---------- Data for processing ----------

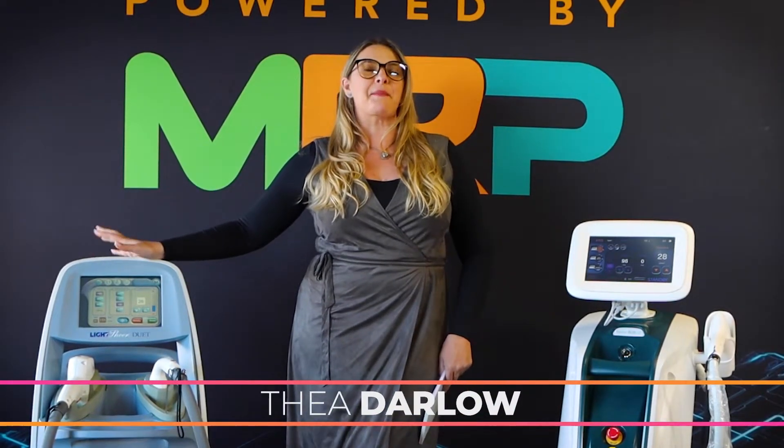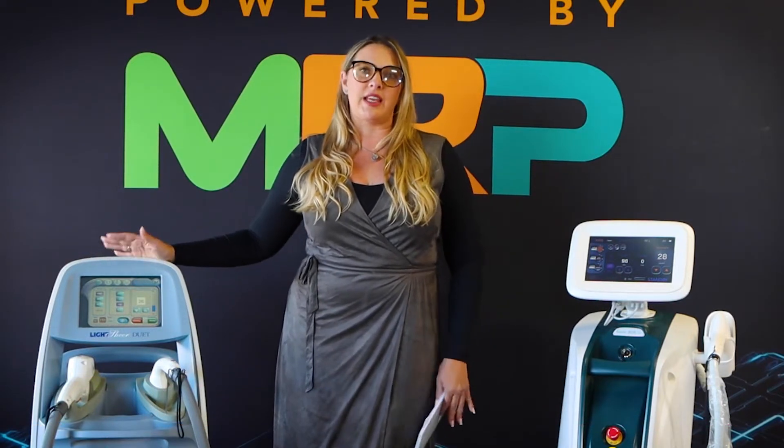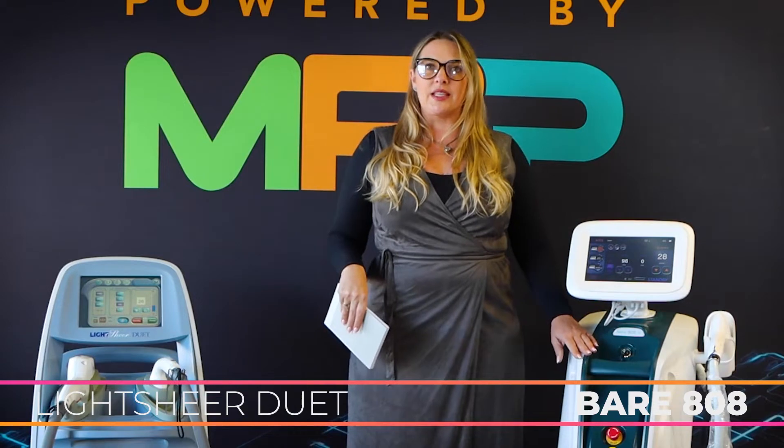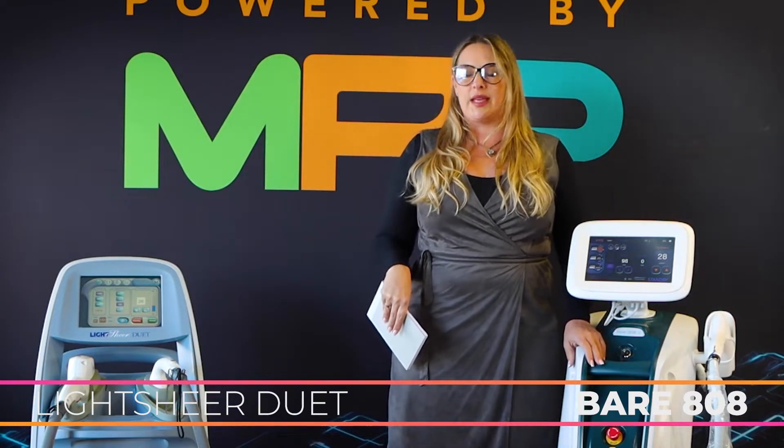Hi, Viandarlo here with MRP, and today we are doing a comparison of diode systems for hair removal. Both systems are in that 805 to 808 nanometer range of diode. We have the Lightshear Duet, and then we have the newest device to our industry, the Bear 808.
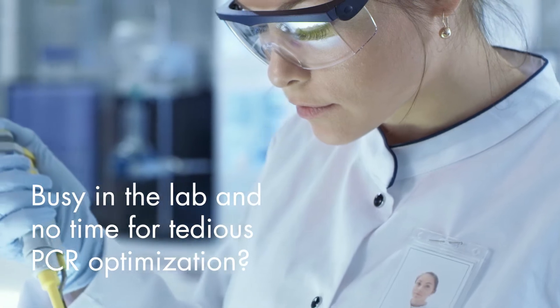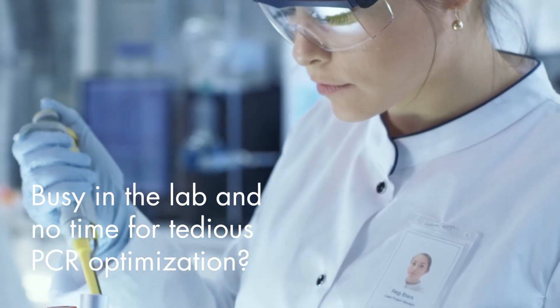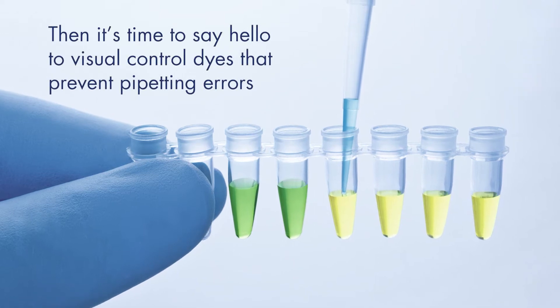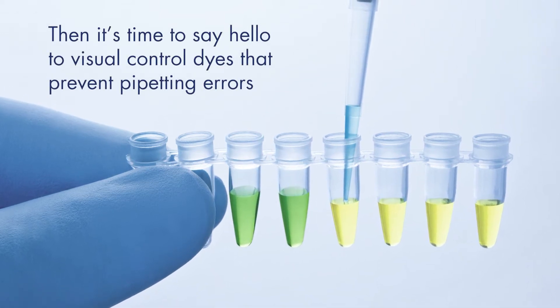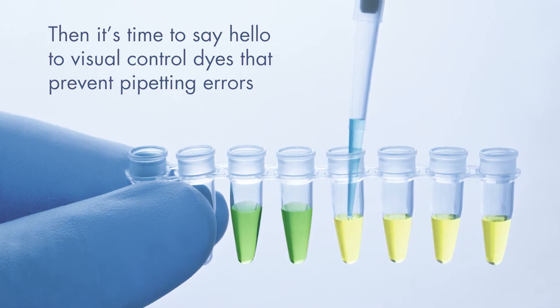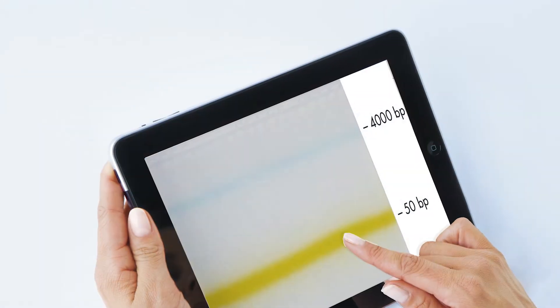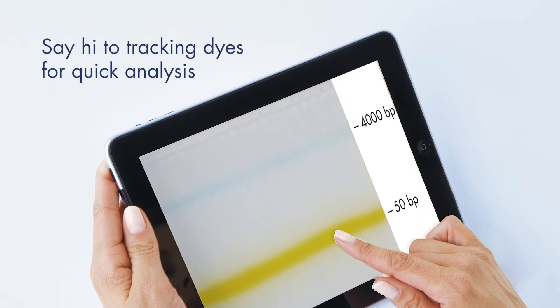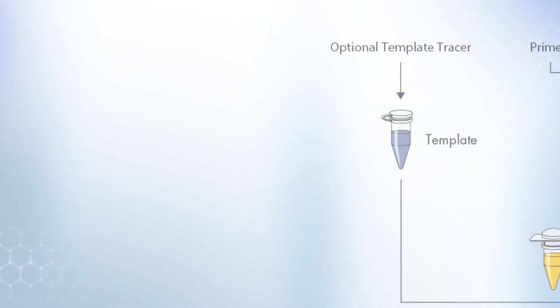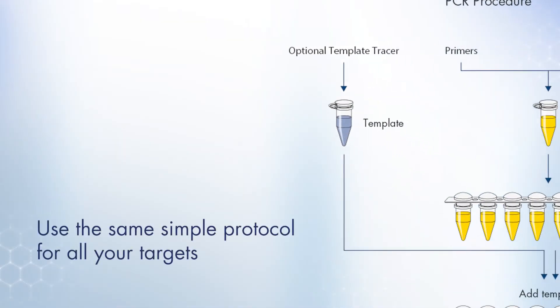Busy in the lab and no time for tedious PCR optimization? Then it's time to say hello to the extremely versatile Altac Hot Start PCR Kit, including visual control dyes that prevent pipetting errors. Our control dyes also serve as gel loading and tracking dyes.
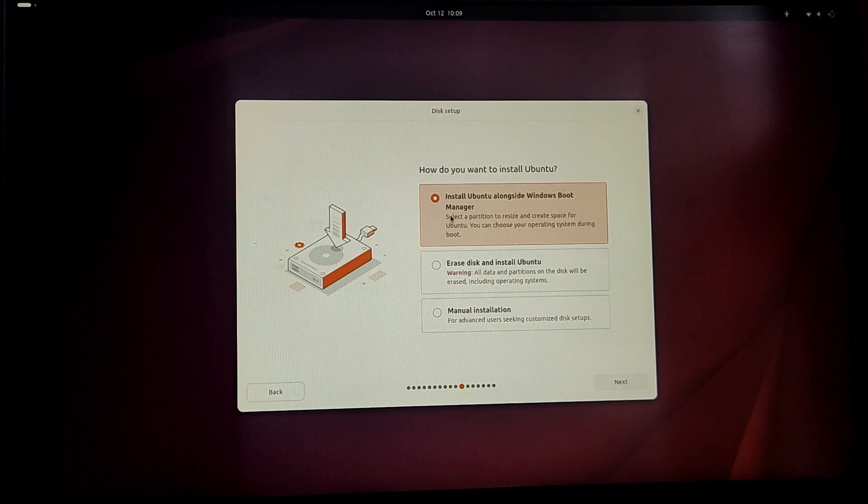Now this is a very important step. You can choose the first option which says 'Ubuntu alongside Windows Boot Manager' — this is the simplest and easiest option. If you want to customize your partitions, you can also choose manual installation, but for simplicity choose the first option.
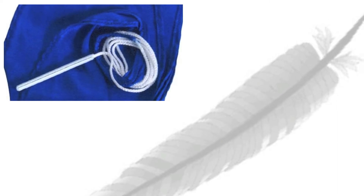Always use a feather, never a swab. And always make sure you dry off your reed before putting it in the case, otherwise it'll grow fur.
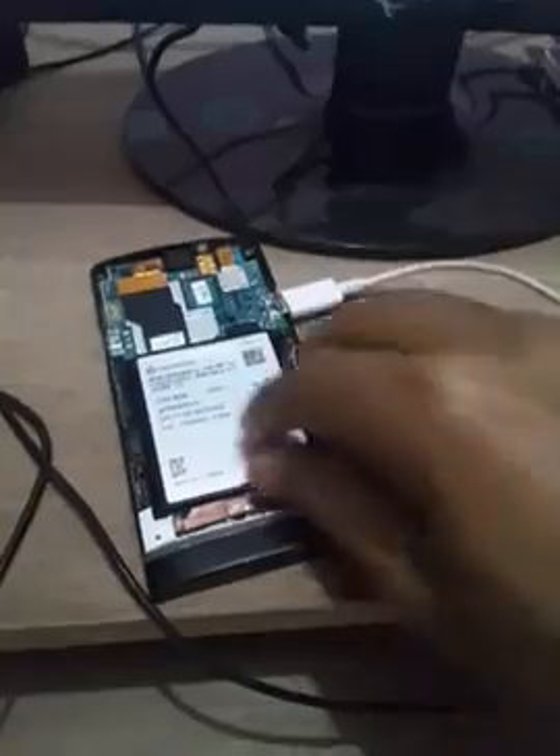In order to fix this software issue, you can see a button over here. First, you need to remove the battery. Once you remove the battery, press this power button for at least one to three minutes. Try one minute first; if it doesn't work, try two minutes, then up to three minutes — check your watch and press.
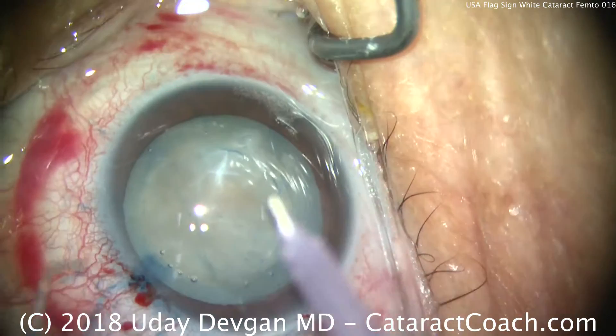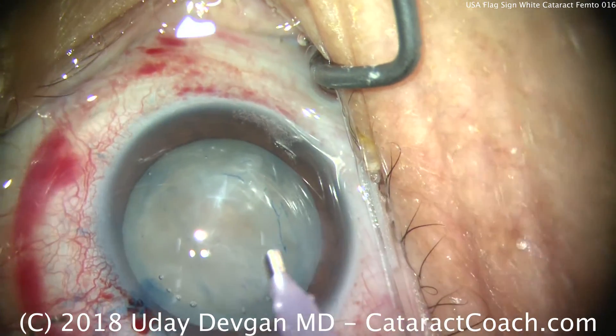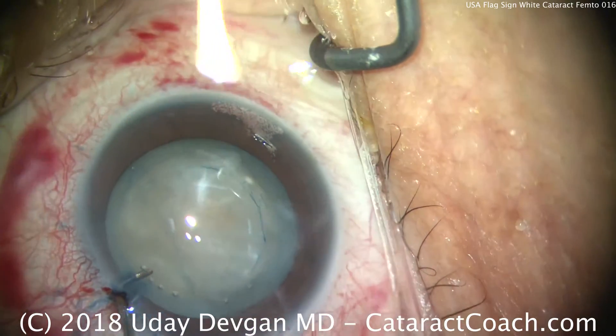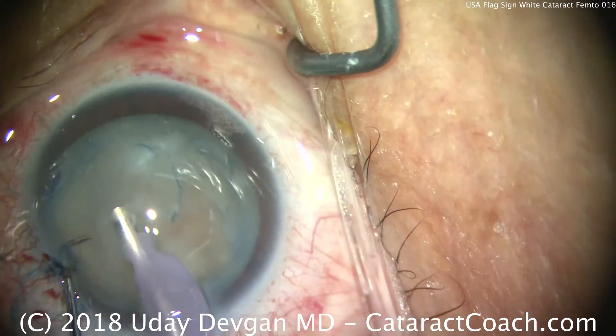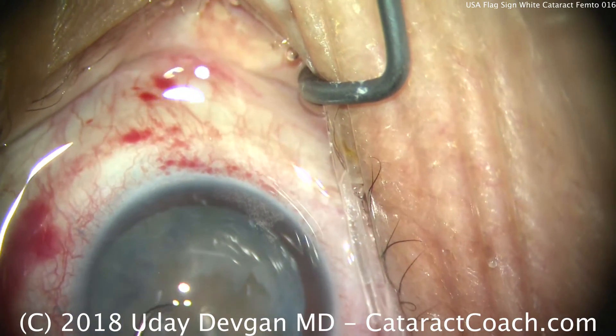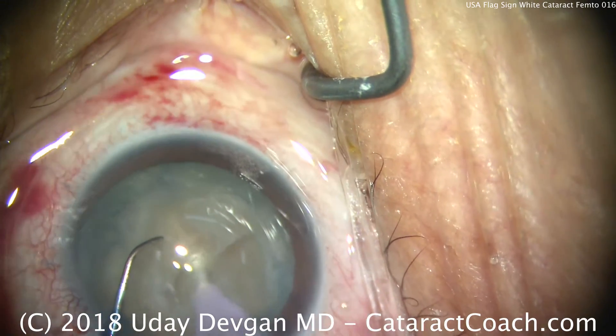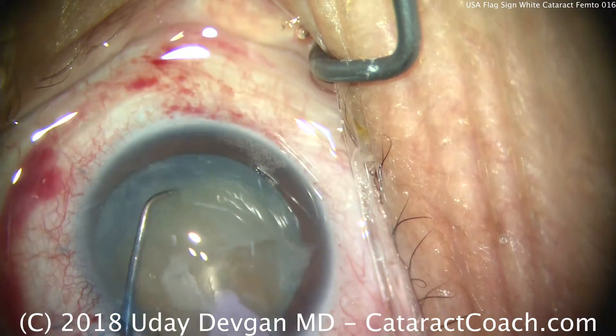Now we're ready for our phacoprobe. By having the laser do the capsulotomy for us, it really does save time. We'll clean up some of this residual cortex, buzz in with the phacoprobe, dig in the chopper, and try to chop this nucleus into pieces around the equator.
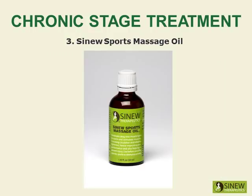The sinew sports massage oil is recommended for use before and after exercise, sports, and strenuous activity. It warms and stimulates your muscles, increases circulation, and relieves tightness, hence improving your performance and helping to prevent injury.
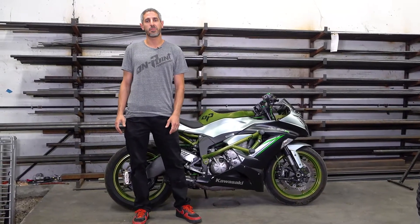Hello, I'm Kia Kota with On Point Performance. Today we're going to be talking about stunt cages.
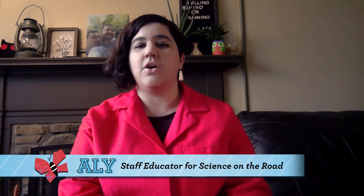Hi everyone, my name is Allie from the Science on the Road Department at Carnegie Science Center, and welcome to the Something to Watch series, where we offer fun and educational science videos for kids, parents, and teachers. Today we are going to be practicing some science right here in our homes, combined with a little bit of art. We are going to be writing secret messages on paper and then using a tie-dye technique to reveal them.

----------

Exercise description
Please give an exact copy of the lines from the line containing "Hello, I'm Kia" through the end of the records above, pictures excluded.

Worked solution
Hello, I'm Kia Kota with On Point Performance. Today we're going to be talking about stunt cages.
Hi everyone, my name is Allie from the Science on the Road Department at Carnegie Science Center, and welcome to the Something to Watch series, where we offer fun and educational science videos for kids, parents, and teachers. Today we are going to be practicing some science right here in our homes, combined with a little bit of art. We are going to be writing secret messages on paper and then using a tie-dye technique to reveal them.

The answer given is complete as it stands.